## What you need to do
In your copy, leave out the pictures; write out all the data exactly.

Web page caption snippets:
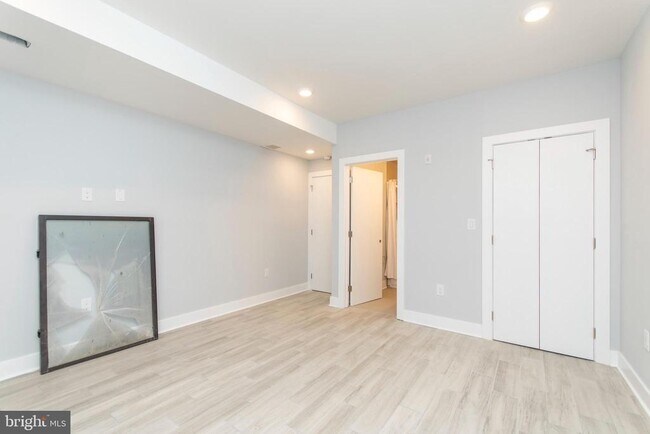 Building Photo - 814 N Uber St
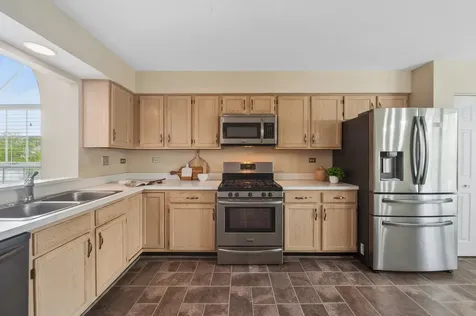 767 Grosse Pointe Circle Vernon Hills IL 60061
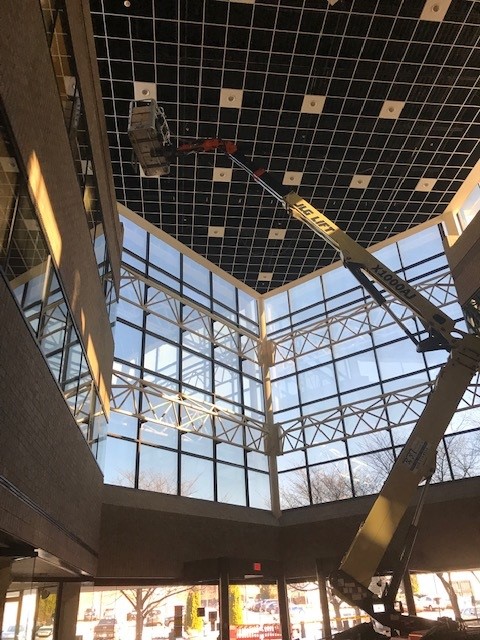 DWC_Cares's tweet photo. We go to great heights for our customers! Check out this crane in the lobby of Geodis's new headquarters at City Park in Brentwood. #cranes #office #tenant #interior #constructionlife #notscaredofheights #WeBuildGreatPlacestoWork https://t.co/s7tiy27y5S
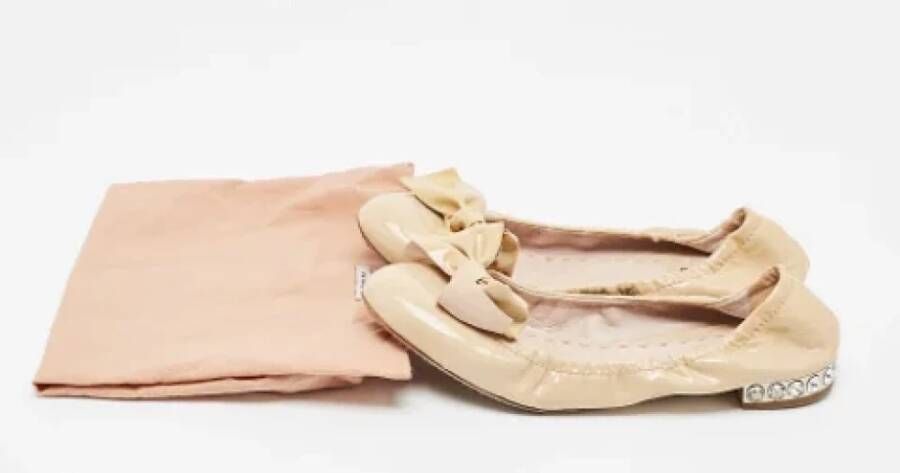 Miu Pre-owned Leather flats Beige Dames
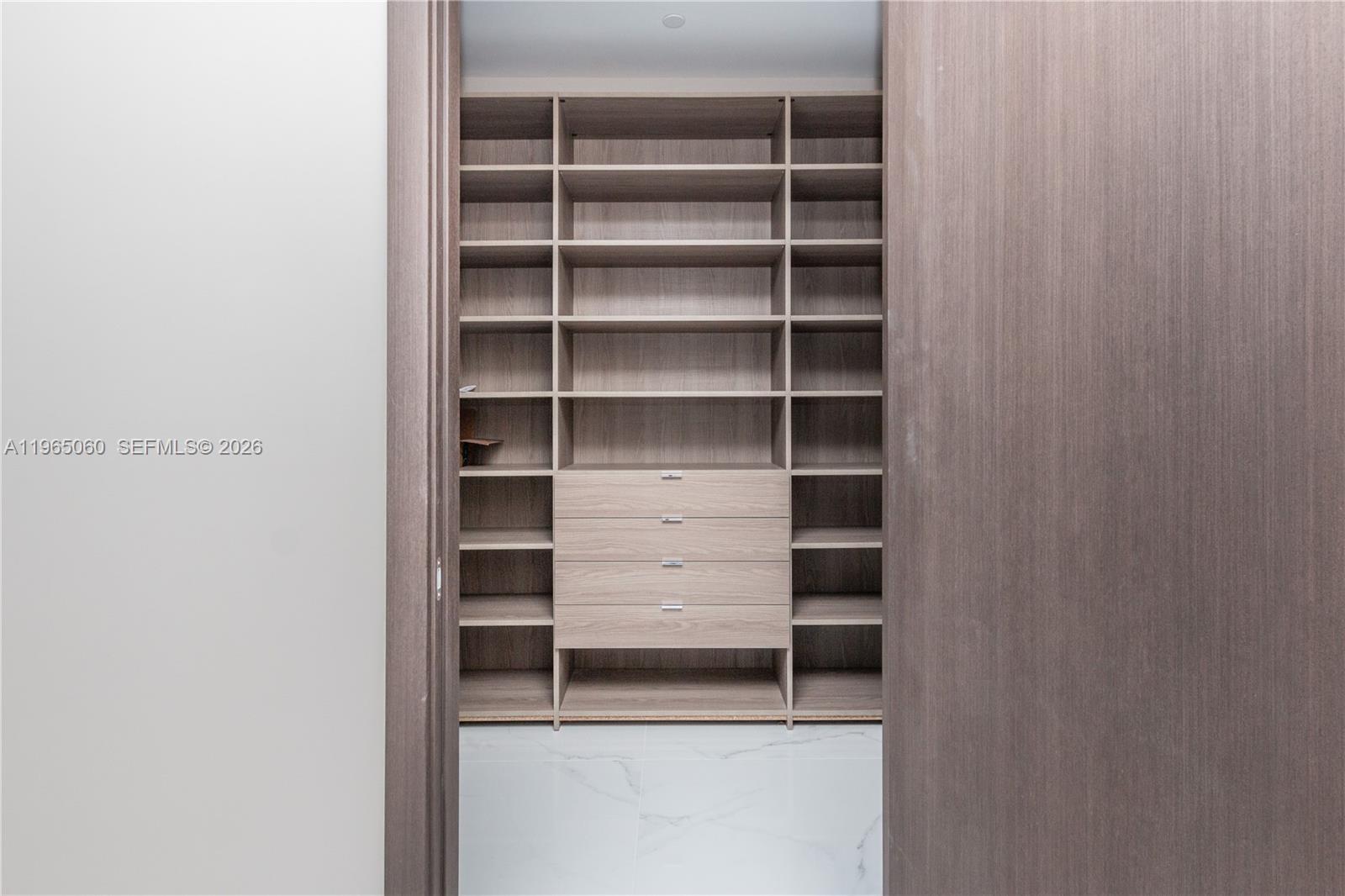 851 NE 1st Ave # 4611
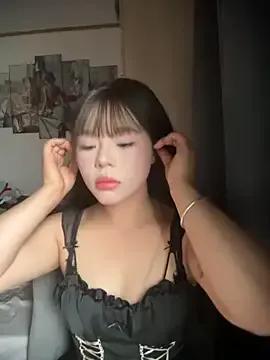 SarahBeii from StripChat is Freechat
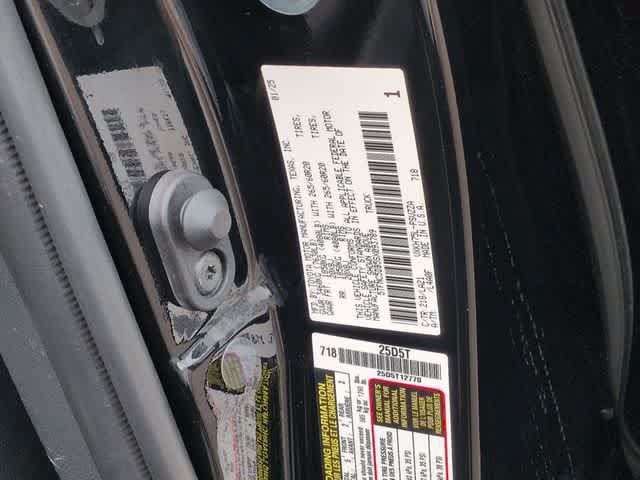 Used 2025 Toyota Tundra Platinum AWD/4WD image 40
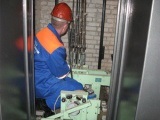 Ce să fac dacă nu deschizi ușa liftului, ascensorul despre (a face) Ce să fac dacă nu deschizi ușa liftului, liftul despre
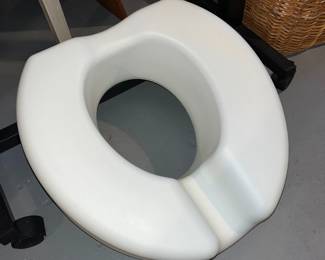 elevated toilet seat 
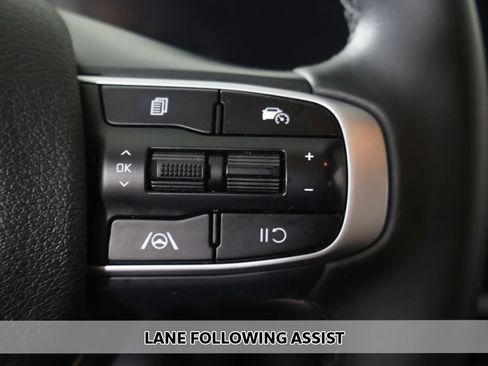 Used 2023 Kia Sportage EX FWD image 4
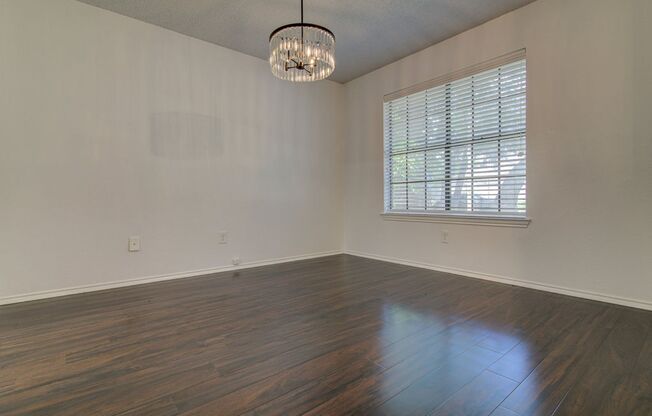Millwood 3/2 walking distance to Apple Campus!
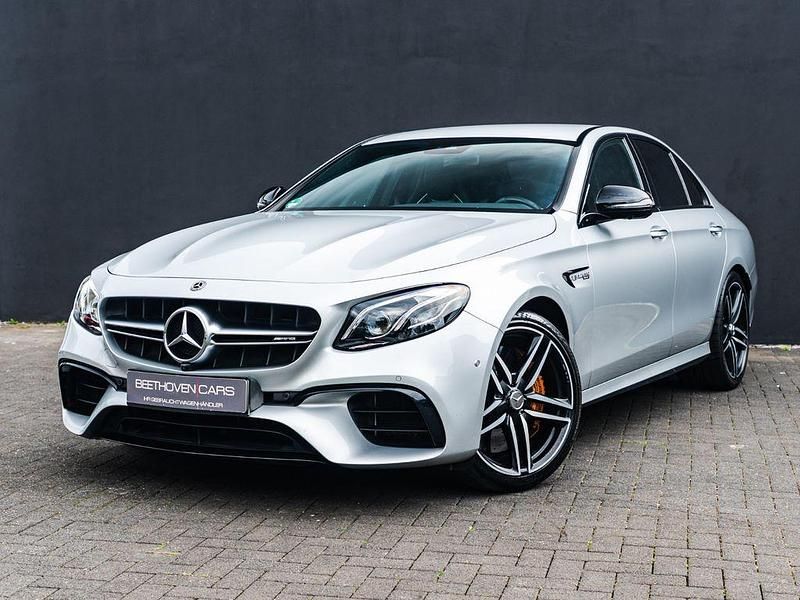 Silber Gebraucht 2018 Mercedes E63 AMG AMG Limousine | 69.980 € (Etwas zu teuer) - Bild 1/4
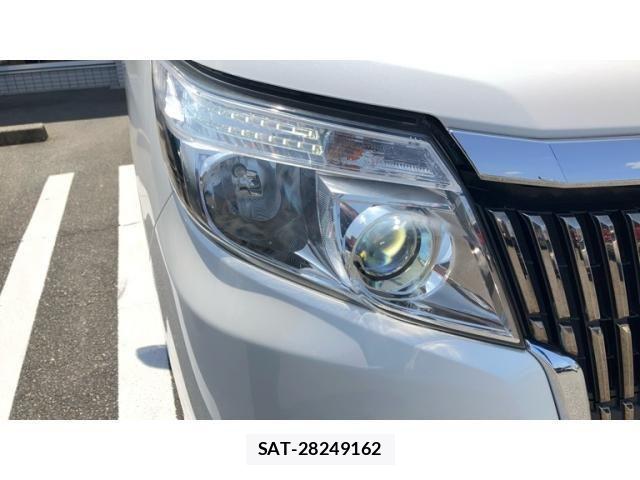Toyota ESQUIRE 2015-11 8314336-23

## Answer to the problem
 Building Photo - 814 N Uber St
 767 Grosse Pointe Circle Vernon Hills IL 60061
 DWC_Cares's tweet photo. We go to great heights for our customers! Check out this crane in the lobby of Geodis's new headquarters at City Park in Brentwood. #cranes #office #tenant #interior #constructionlife #notscaredofheights #WeBuildGreatPlacestoWork https://t.co/s7tiy27y5S
 Miu Pre-owned Leather flats Beige Dames
 851 NE 1st Ave # 4611
 SarahBeii from StripChat is Freechat
 Used 2025 Toyota Tundra Platinum AWD/4WD image 40
 Ce să fac dacă nu deschizi ușa liftului, ascensorul despre (a face) Ce să fac dacă nu deschizi ușa liftului, liftul despre
 elevated toilet seat 
 Used 2023 Kia Sportage EX FWD image 4
Millwood 3/2 walking distance to Apple Campus!
 Silber Gebraucht 2018 Mercedes E63 AMG AMG Limousine | 69.980 € (Etwas zu teuer) - Bild 1/4
Toyota ESQUIRE 2015-11 8314336-23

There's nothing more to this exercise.